%%

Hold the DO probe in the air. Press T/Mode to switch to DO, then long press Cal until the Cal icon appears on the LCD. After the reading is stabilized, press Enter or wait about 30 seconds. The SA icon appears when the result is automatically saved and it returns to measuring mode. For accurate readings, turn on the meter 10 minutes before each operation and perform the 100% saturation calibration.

%%
%%

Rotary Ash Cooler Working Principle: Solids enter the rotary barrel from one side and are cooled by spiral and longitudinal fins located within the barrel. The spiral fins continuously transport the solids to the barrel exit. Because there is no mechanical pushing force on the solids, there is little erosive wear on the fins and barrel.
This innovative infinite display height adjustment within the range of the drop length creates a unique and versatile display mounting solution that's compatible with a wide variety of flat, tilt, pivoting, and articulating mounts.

%%

**What the task requires**
Show every line of the listing that includes the word "within".

**Response**
Rotary Ash Cooler Working Principle: Solids enter the rotary barrel from one side and are cooled by spiral and longitudinal fins located within the barrel. The spiral fins continuously transport the solids to the barrel exit. Because there is no mechanical pushing force on the solids, there is little erosive wear on the fins and barrel.
This innovative infinite display height adjustment within the range of the drop length creates a unique and versatile display mounting solution that's compatible with a wide variety of flat, tilt, pivoting, and articulating mounts.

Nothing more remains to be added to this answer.